Whitehouse understood something essential in the changing world of the 1960s: the era of deference was over and institutions would yield to pressure. She also acknowledged that the political balance had changed. It was no longer a question of winning at the polls or outnumbering your opponents. Sometimes the loudest, most stubborn people won out.
Most of her time, she was part of a tiny minority. She might raise hundreds or thousands of complaint letters against TV shows, but those shows would have millions of satisfied viewers. Her organization had 150,000 members, whom she brought together to complain about offensive television shows and petition against other perceived indecencies. Although this figure fell to around 30,000 by the late 1970s, he remained active, extracting concessions from television executives. The figures at stake gave him additional weight and influence over MPs, even prime ministers. The mere threat of angering Mrs Whitehouse was enough to encourage self-censorship.
Although the permissive society prevailed, Whitehouse’s methods helped create a new political culture, the complainant culture. Others saw how a vocal and persistent minority could exert its political will and achieve victories against an uncoordinated and less motivated majority. It was a turning point in politics, which reinvigorated the small campaigns.
Across British politics, it is often lamented that the government seems incapable of getting things done. Almost every policy emanating from Westminster, even when it enjoys popular support and a large majority, seems to fail in a maze of consultations, concessions and trials. Throughout public life, the noise of a few thousand people, a letter-writing campaign, a petition, or simply the shaming of social media advertising is expected to yield a result.
Whitehouse’s tactics have become pervasive. The same minority pressure is exploited by NIMBYs, blocking and slowing everything from critical national infrastructure projects to much-needed housing construction. Recent moves to ban children from social media have been driven by the type of “concerned parents” campaign that Whitehouse pioneered. Today, almost every tragedy spawns some sort of advocacy group or lobby for a change in law or new regulation, one that gets carried away by emotion rather than genuine questioning of the consequences.

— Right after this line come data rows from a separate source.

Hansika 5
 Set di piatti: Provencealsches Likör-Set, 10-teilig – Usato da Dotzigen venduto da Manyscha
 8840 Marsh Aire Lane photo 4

Mary Whitehouse did not convince the nation to abandon sex, swearing and return to God as she hoped. But she was the messenger of a different kind of vision: if you are among those who lose out because of a certain political or cultural change, you don’t have to accept it. Plus, you don’t have to beat him at the ballot box or worry about being outvoted. You just have to be loud enough, complicated enough, and do enough to embarrass your opponents into making concessions and making you leave.

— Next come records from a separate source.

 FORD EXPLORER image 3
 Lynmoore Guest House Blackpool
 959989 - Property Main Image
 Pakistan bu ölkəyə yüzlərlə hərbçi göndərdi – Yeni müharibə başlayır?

What Whitehouse achieved was to bequeath a set of tools that could be adopted by any aggrieved group too small to win at the ballot box. UK Uncut’s exposure and shaming of business executives and Mumsnet’s use of parent power against internet pornography all echo the White House playbook. From animal rights groups to anti-ULEZ campaigns, many have used some of the same tactics, from legal challenges to public embarrassment to simply being a nuisance.

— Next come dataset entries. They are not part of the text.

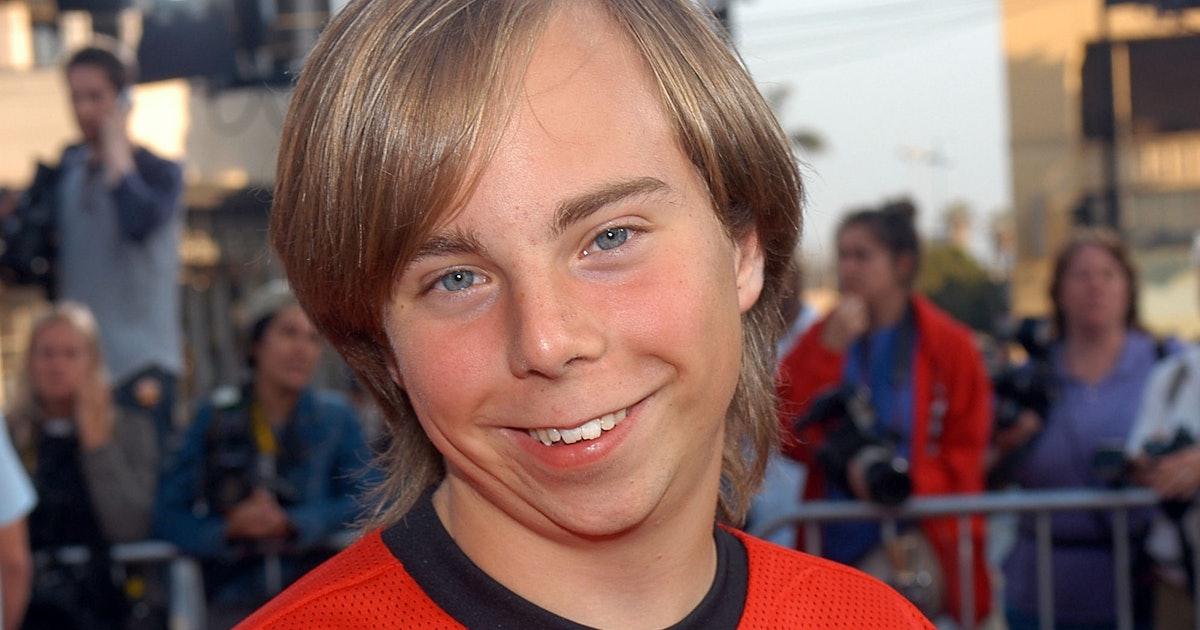 Beans From Even Stevens Is Now Santa S Helper He S Way More Popular Than The Guy In The Red Suit Photos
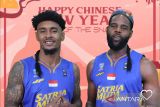 Pebasket Nash dan Lewis mengucapkan selamat Tahun Baru Imlek 2576 Kongzili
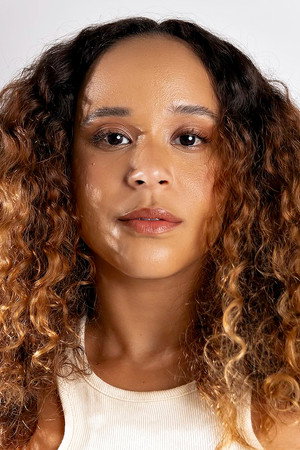 Cover image for Mari Oliveira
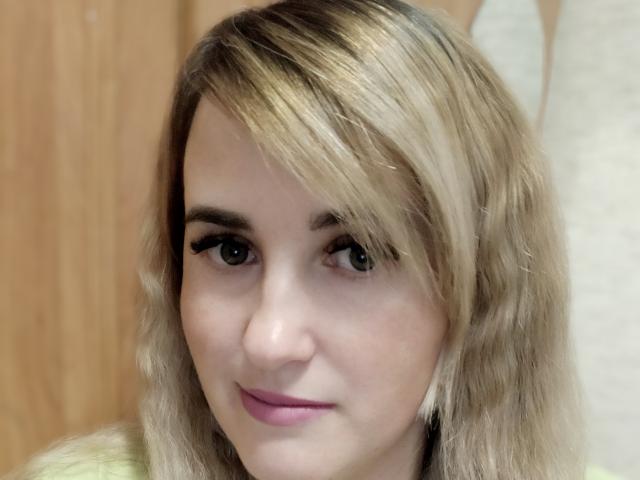 MonicaLyn - Live sexe cam - 11156426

For Britain, the result is tortuous governance. Political victories are rarely won but are instead constantly contested. Government action is bogged down by constant challenges, while heartbreaking campaigns take precedence over sober political considerations. These battles are at the heart of Britain’s sense of getting nothing done: persistent campaigners can defeat consensus and the establishment often gives in. Whitehouse would be appalled by what’s happening on television these days, but perhaps even more shocked by those who adopted her methods and how they succeeded.